# TASK OBJECTIVE:
From the entries below, retype only the lines from the one with "Nana Wir Liebe" through the one with "Tanga con el", exactly as written.

** Opening DATA LISTING block **

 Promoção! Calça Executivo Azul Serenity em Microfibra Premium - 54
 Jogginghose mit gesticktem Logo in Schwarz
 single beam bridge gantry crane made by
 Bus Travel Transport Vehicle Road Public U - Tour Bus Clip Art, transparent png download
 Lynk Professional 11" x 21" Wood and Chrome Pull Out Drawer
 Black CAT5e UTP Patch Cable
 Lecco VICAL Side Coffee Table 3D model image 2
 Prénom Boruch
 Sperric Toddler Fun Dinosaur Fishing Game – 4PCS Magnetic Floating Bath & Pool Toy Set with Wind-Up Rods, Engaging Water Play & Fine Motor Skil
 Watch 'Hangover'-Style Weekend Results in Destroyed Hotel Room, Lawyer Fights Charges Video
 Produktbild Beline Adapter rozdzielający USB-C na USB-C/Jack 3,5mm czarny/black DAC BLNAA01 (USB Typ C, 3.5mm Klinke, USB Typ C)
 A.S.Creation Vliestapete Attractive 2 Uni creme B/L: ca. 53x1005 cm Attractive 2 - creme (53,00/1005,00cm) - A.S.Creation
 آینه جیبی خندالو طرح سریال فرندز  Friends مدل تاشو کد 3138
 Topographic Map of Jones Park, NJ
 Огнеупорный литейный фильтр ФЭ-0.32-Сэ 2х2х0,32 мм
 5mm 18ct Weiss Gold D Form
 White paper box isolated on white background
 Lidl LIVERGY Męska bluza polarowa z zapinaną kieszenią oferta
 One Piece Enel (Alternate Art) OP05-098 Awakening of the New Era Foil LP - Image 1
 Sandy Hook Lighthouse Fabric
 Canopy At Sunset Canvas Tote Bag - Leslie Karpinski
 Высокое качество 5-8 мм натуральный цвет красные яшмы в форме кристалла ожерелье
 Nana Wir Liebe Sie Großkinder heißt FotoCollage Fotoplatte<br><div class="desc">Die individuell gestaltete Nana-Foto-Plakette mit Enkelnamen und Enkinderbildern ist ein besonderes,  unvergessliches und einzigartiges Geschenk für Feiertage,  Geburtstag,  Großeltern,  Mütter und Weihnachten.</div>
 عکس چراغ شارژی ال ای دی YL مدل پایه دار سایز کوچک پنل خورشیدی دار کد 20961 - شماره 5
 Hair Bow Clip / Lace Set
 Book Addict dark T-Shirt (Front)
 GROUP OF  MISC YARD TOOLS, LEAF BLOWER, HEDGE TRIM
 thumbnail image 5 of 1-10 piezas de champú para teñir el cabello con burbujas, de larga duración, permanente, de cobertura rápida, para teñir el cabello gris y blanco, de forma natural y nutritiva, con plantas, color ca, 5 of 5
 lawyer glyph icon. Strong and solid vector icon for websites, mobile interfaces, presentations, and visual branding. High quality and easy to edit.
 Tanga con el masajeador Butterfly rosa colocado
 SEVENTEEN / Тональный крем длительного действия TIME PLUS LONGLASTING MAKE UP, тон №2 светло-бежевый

** Closing DATA LISTING block **

# OUTPUT FOR THIS TASK:
 Nana Wir Liebe Sie Großkinder heißt FotoCollage Fotoplatte<br><div class="desc">Die individuell gestaltete Nana-Foto-Plakette mit Enkelnamen und Enkinderbildern ist ein besonderes,  unvergessliches und einzigartiges Geschenk für Feiertage,  Geburtstag,  Großeltern,  Mütter und Weihnachten.</div>
 عکس چراغ شارژی ال ای دی YL مدل پایه دار سایز کوچک پنل خورشیدی دار کد 20961 - شماره 5
 Hair Bow Clip / Lace Set
 Book Addict dark T-Shirt (Front)
 GROUP OF  MISC YARD TOOLS, LEAF BLOWER, HEDGE TRIM
 thumbnail image 5 of 1-10 piezas de champú para teñir el cabello con burbujas, de larga duración, permanente, de cobertura rápida, para teñir el cabello gris y blanco, de forma natural y nutritiva, con plantas, color ca, 5 of 5
 lawyer glyph icon. Strong and solid vector icon for websites, mobile interfaces, presentations, and visual branding. High quality and easy to edit.
 Tanga con el masajeador Butterfly rosa colocado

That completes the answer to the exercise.